We assume that the stress pattern of prefixed words before syncope was basically stress on the prefix for nouns, and stress on the stem for verbs. One reason for making this assumption is that the surviving prefixes either had heavy syllables, as we saw above for verbs, or they were nominal prefixes. An example of a surviving nominal prefix is the prefix {av-} < {af-}. Two of the few remnants of this prefix left today, in both Swedish and Norwegian, are 'avÆgift2 ‘fee’

and 'avÆund2 ‘envy’. We can only attribute their survival to the fact that they must have bore stress – in contrast to most of the verbal prefixes. We, however, did also find one example of an ON prefixed verb, afdœma, which has survived in the Swedish verb 'avÆdöma2 ‘to decide, judge’ and in the Nynorsk verb 'avÆdømme1 ‘to damn’. Note, that this apparently ON prefix has Accent 1 today in Nynorsk. Although this is a native stressed prefix, we believe it has Accent 1 because the majority of today's Swedish and Norwegian {av-} prefixed verbs were actually borrowed from MLG, or modelled on German prefixed verbs, which all have Accent 1 in Norwegian (Wessén 1958: 101), and this native {av-} has apparently joined this group.

However, the number of surviving verbs with native prefixes such as {av-} is minimal. A second reason for assuming that nominal prefixes bore stress, and that the verbal prefixes did not, is because this pattern is still prevalent in many Germanic languages today (cf. Lahri, Riad

& Jacobs 1999).

To sum up our arguments here, we believe that one consequence of Proto-Norse syncope is that it created an imbalance between the stress patterns of prefixed nouns and verbs, which was once in more or less complementary distribution. Nouns predominantly had stressed prefixes, and verbs unstressed prefixes. Another effect was that after syncope had eliminated most unstressed vowels, and with it unstressed prefixes as well, the only prefixed words remaining were for the most part nouns.
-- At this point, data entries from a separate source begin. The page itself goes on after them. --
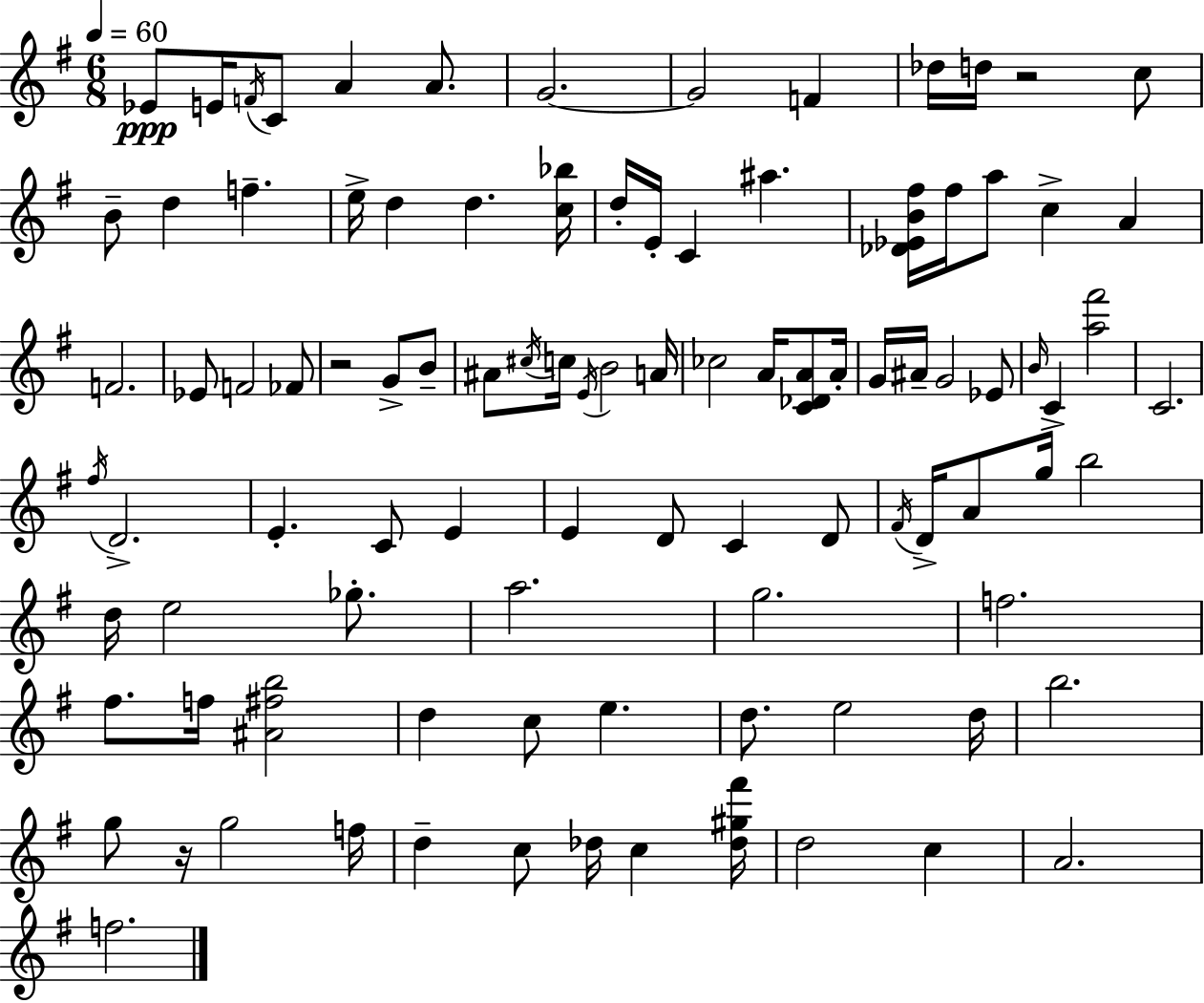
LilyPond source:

{
  \clef treble
  \numericTimeSignature
  \time 6/8
  \key e \minor
  \tempo 4 = 60
  \repeat volta 2 { ees'8\ppp e'16 \acciaccatura { f'16 } c'8 a'4 a'8. | g'2.~~ | g'2 f'4 | des''16 d''16 r2 c''8 | \break b'8-- d''4 f''4.-- | e''16-> d''4 d''4. | <c'' bes''>16 d''16-. e'16-. c'4 ais''4. | <des' ees' b' fis''>16 fis''16 a''8 c''4-> a'4 | \break f'2. | ees'8 f'2 fes'8 | r2 g'8-> b'8-- | ais'8 \acciaccatura { cis''16 } c''16 \acciaccatura { e'16 } b'2 | \break a'16 ces''2 a'16 | <c' des' a'>8 a'16-. g'16 ais'16-- g'2 | ees'8 \grace { b'16 } c'4-> <a'' fis'''>2 | c'2. | \break \acciaccatura { fis''16 } d'2.-> | e'4.-. c'8 | e'4 e'4 d'8 c'4 | d'8 \acciaccatura { fis'16 } d'16-> a'8 g''16 b''2 | \break d''16 e''2 | ges''8.-. a''2. | g''2. | f''2. | \break fis''8. f''16 <ais' fis'' b''>2 | d''4 c''8 | e''4. d''8. e''2 | d''16 b''2. | \break g''8 r16 g''2 | f''16 d''4-- c''8 | des''16 c''4 <des'' gis'' fis'''>16 d''2 | c''4 a'2. | \break f''2. | } \bar "|."
}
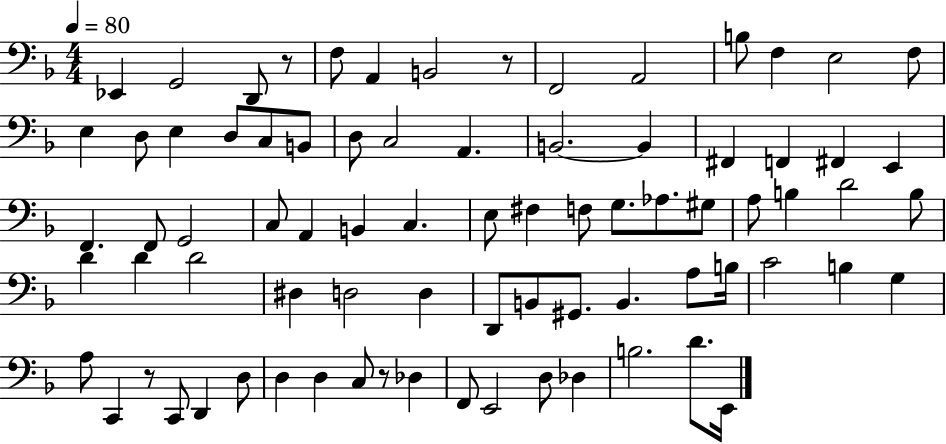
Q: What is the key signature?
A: F major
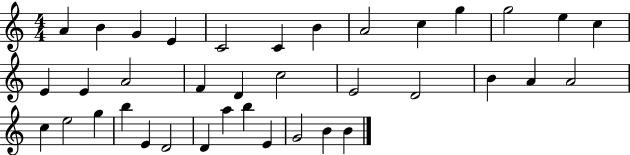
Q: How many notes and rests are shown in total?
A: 37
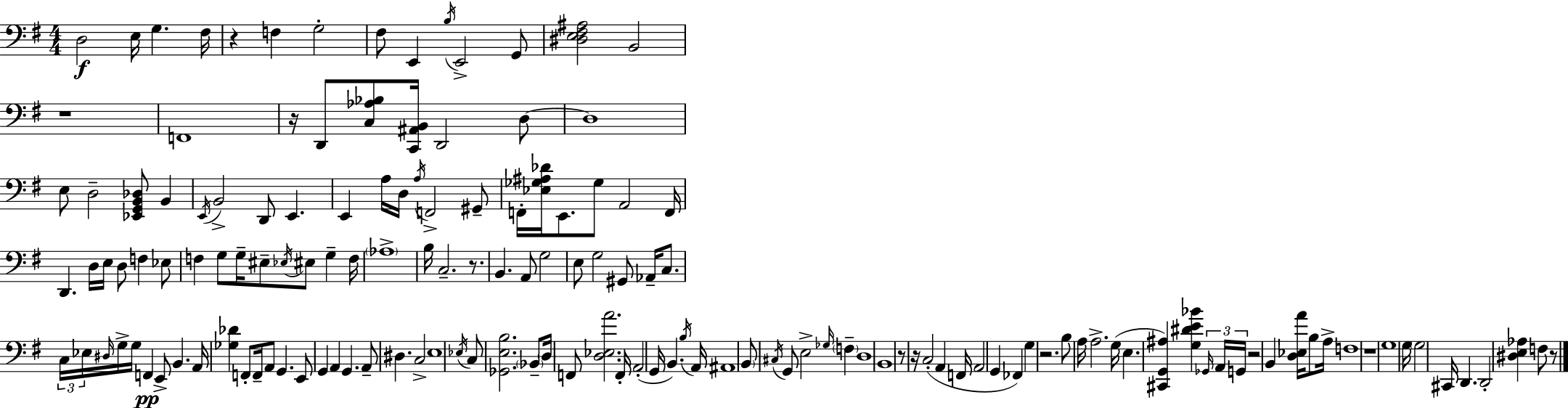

This void left over from Proto-Norse syncope seems then to have been filled with new prefixed forms from MLG, and later with prefixed forms containing native components modelled on MLG.

To exemplify how early these loans came into Scandinavian we reproduce a list from Wetterlin, Lahiri, & Jönsson-Steiner (2007:354) giving the first dates of occurrence for {be-}

verbs in Swedish and the corresponding verbs in Norwegian for comparison.

(13) First occurrence of {be-} verbs in Swedish

Swedish Gloss 1st occurrence Norwegian

bedröva1 to grieve 1541 bedrøve1

befalla1 to command 1526 befale1

bedåra1 to fascinate 1616 bedåre1

bebåda1 to proclaim 1615 bebude1

bedraga1 (bedra1) to deceive 1525 bedra1

beklaga1 to pity 1526 beklage1

Middle Low German influence on Scandinavian took place from the 13th to 16th centuries.

However, these dates of first occurrence have been taken from the Svenska Akademiens ordbok (SAOB), which only consults texts back to the first half of the 16th century. Nonetheless, we maintain that these loans mark the beginning of Accent-1 infinitive verbs, which can be at least dated back to the beginning of the 16th century.

We have just seen approximately when MLG prefixes came into Scandinavian, and our hypothesis on why Scandinavian borrowed so many prefixes. Before presenting our analysis of how MLG complex words were incorporated into Scandinavian in section 3, we present a general hypothesis of how complex words are borrowed as undecomposed wholes in section 2.2. We then apply this hypothesis to MLG prefixed loans, and see why they affected an influx of new Accent-1 words into Scandinavian.